Like most philosophers, from the ancient Greeks to
modern existentialists, Locke occasionally sought refuge behind the abstractions of
metaphysics. But mostly he was a plain-spoken man, and certainly there was no
mistaking his meaning when he suggested, not once, not twice, but at least three
times, that when legislators have no business to conduct in their seat of government
they should simply STAY HOME.
When could such an insight have been more useful than at the present moment, mired as we are in a financial crisis brought on largely by greed and an incompetent House of Representatives—and a slightly less incompetent Senate?

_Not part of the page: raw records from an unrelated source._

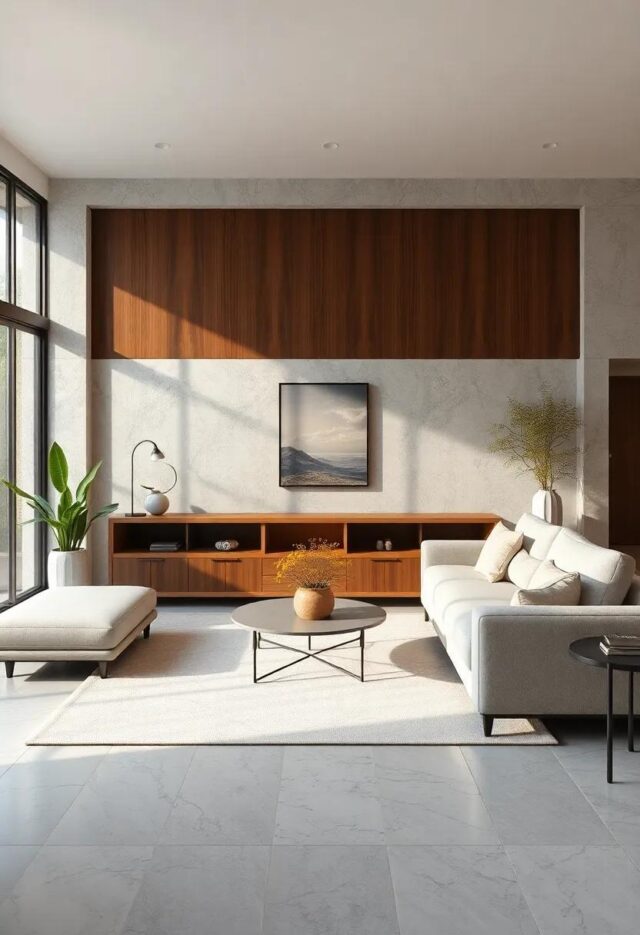 25 Inspiring Living Room Ideas Featuring a Minimalist Sofa for a Modern Touch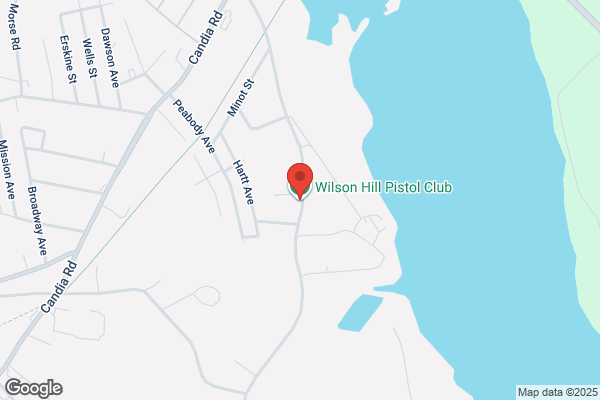 Wilson Hill Pistol Club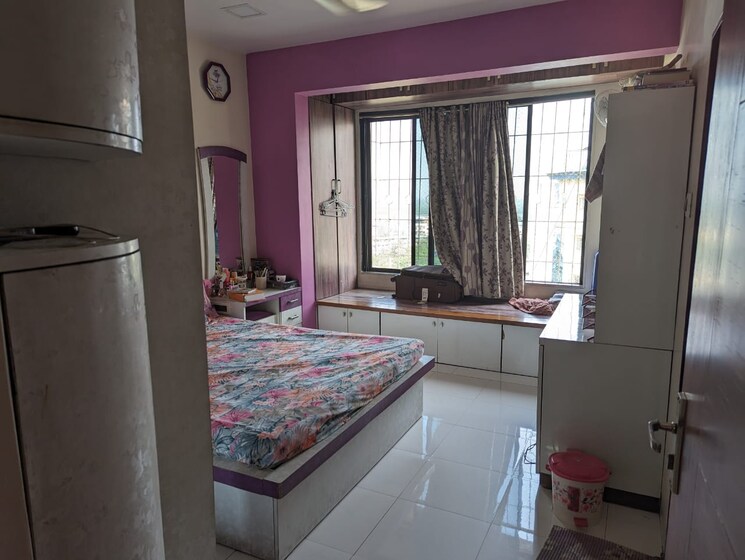Bedroom, seawoods 3 Bedroom 1500 Sq.Ft. Apartment In Seawoods Navi Mumbai 7887700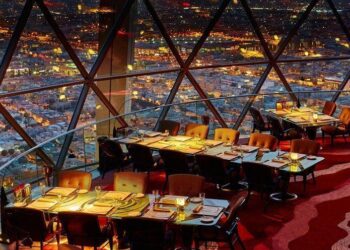 المملكة تحقق مراكز متقدمة على قائمة أفضل 50 مطعما في منطقة الشرق الأوسط وشمال أفريقيا (فيديو)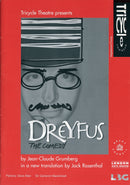 Dreyfuss - Cast Signatures - Signed Souvenir Programme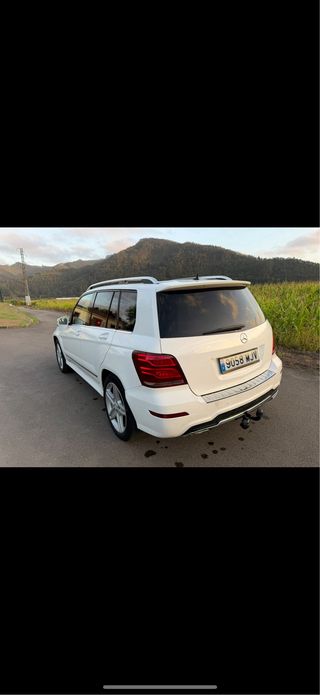 Mercedes-Benz Classe GLK  2014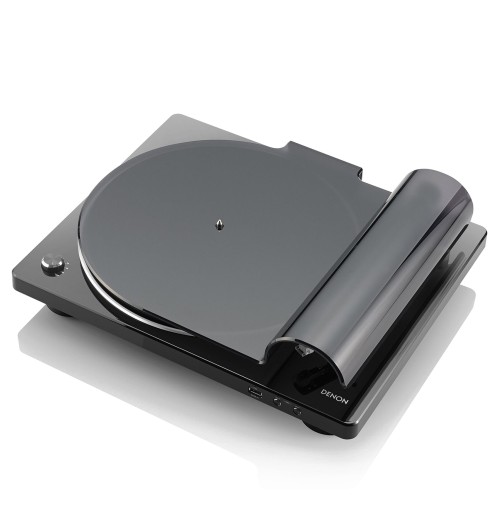 Denon DP-450USB - Gramofon Hi-Fi z napędem paskowym i USB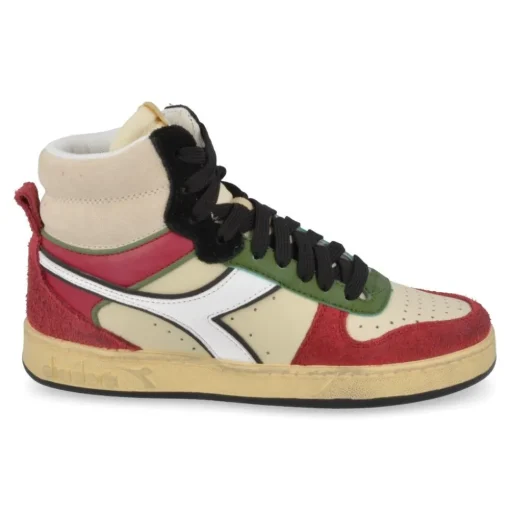 sneakers bordeaux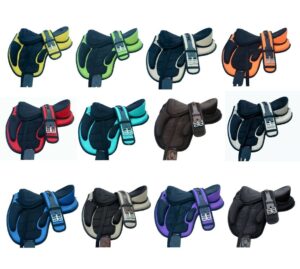 Treeless Freemax Saddles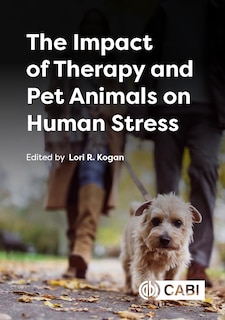 Front cover_The Impact of Therapy and Pet Animals on Human Stress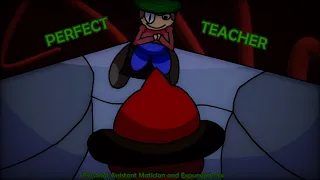 PERFECT TEACHER [FnF Destruction - Personal Assistant Matician and Expunged Mix]
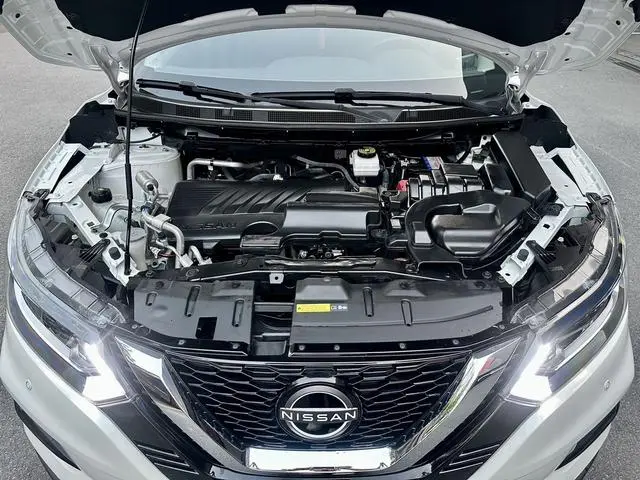 Nissan Qashqai Classic 2.0L Comfort Edition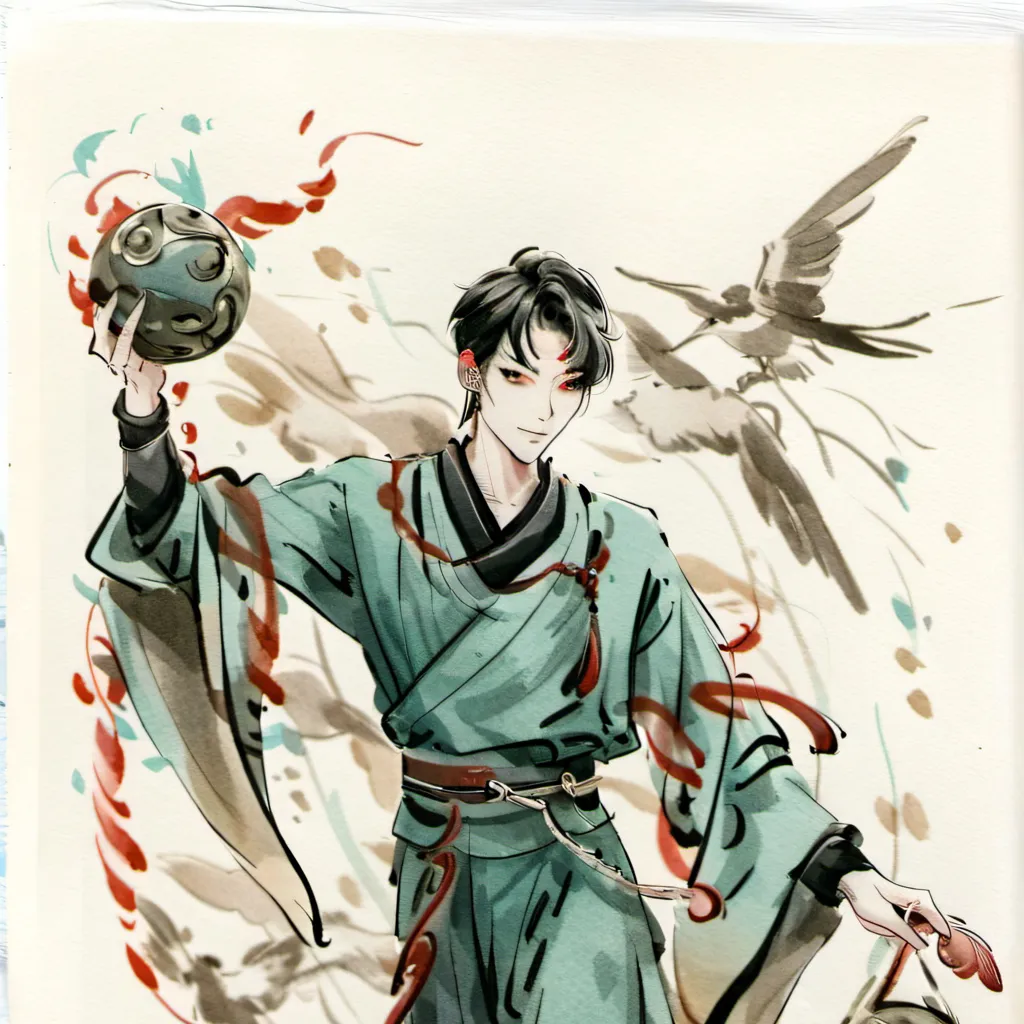 chat with ai character: Lucas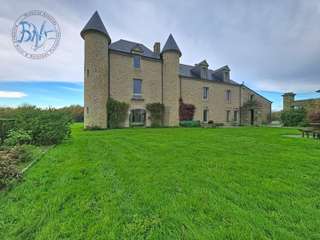 Demeure d'exception 12 pièces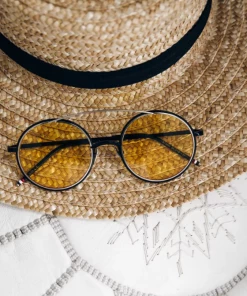 El Roy Eyewear Summer Edit Spencer | Yellow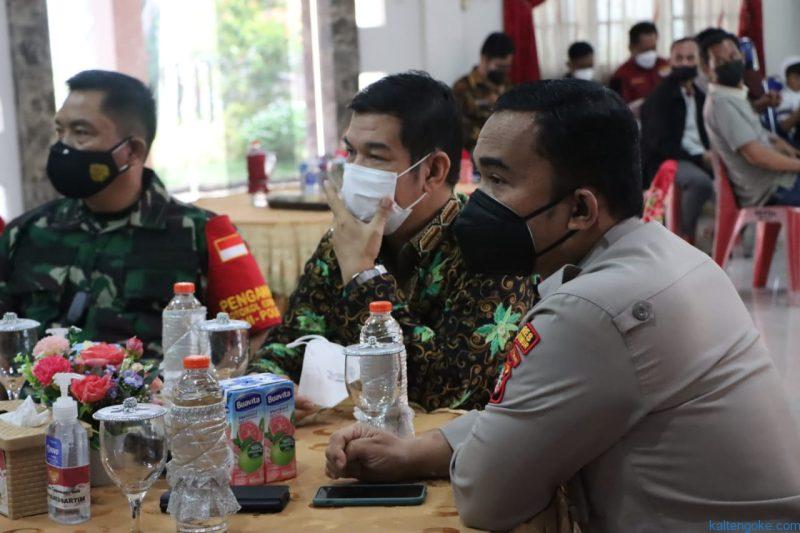 Cegah Ledakan Covid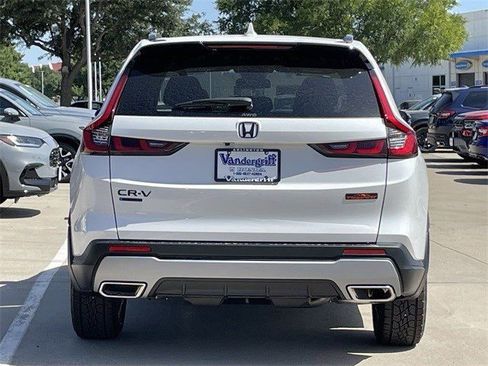 New 2026 Honda CR-V TrailSport image 5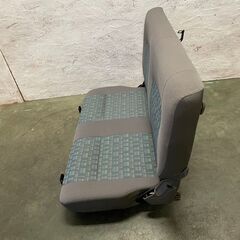 【JIMNY】 ジムニー JA12W SUZUKI スズキ 純正リヤシート 一体型 N0123の画像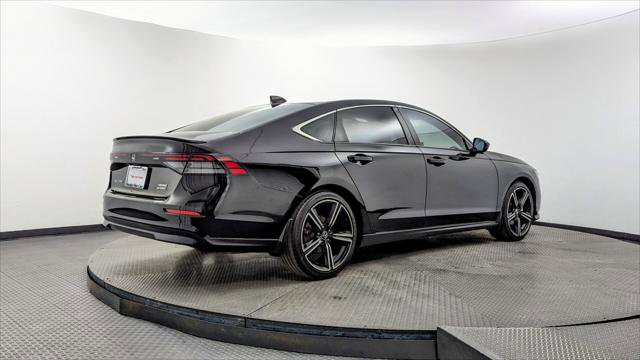 Used 2024 Honda Accord Sport image 8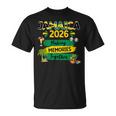 Jamaica 2026 Making Memories Family Trip Summer Together T-Shirt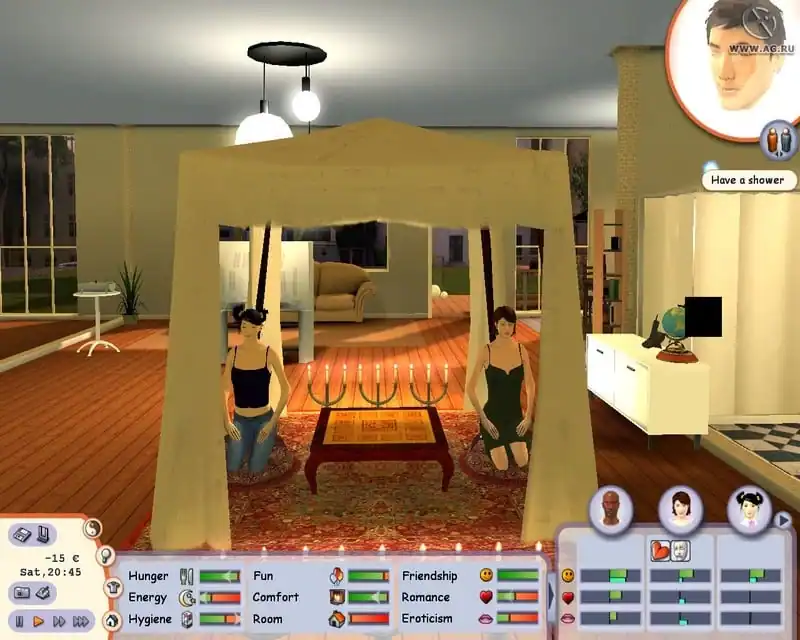 Singles 2 - Triple Trouble — изображение 2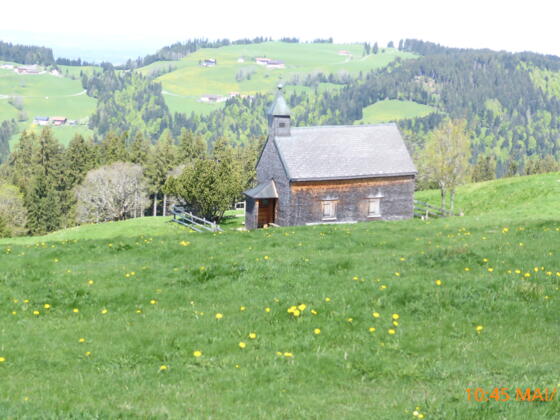 Blick vom Hirschberg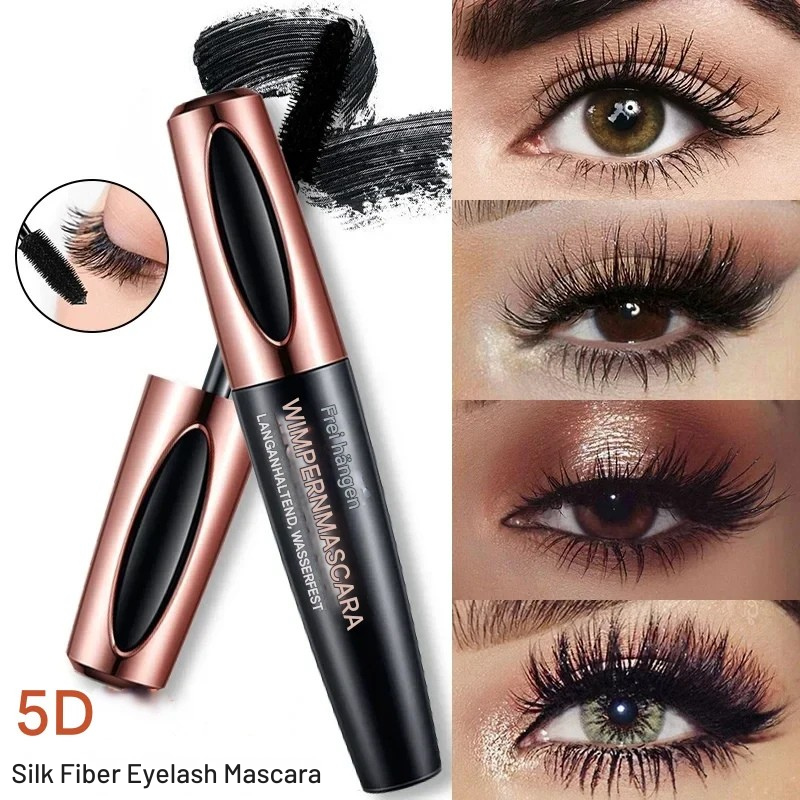 Mascara | 5D Lash Mascara | Longer & Voluminous Look | Lashora
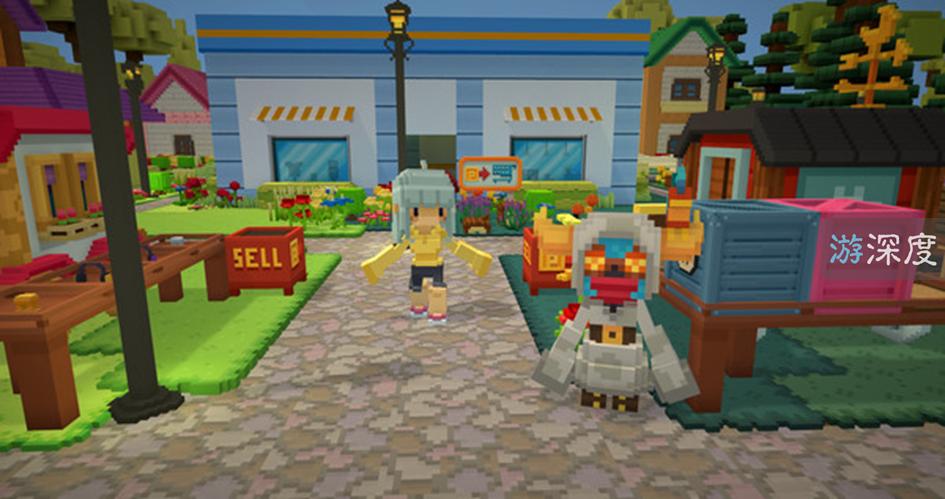 mc星露谷怎么玩,mc星露谷物语生存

Possibly the finest idea Locke ever had, though unfortunately it never made its way
into any of our founding documents, as so many of his others did. Maybe the
Founders thought the idea too obvious to deserve mention. Still, it is an idea that has
never caught on in Washington and apparently not in his own country either—not even at a time when the need for good, sound common sense was never more in need.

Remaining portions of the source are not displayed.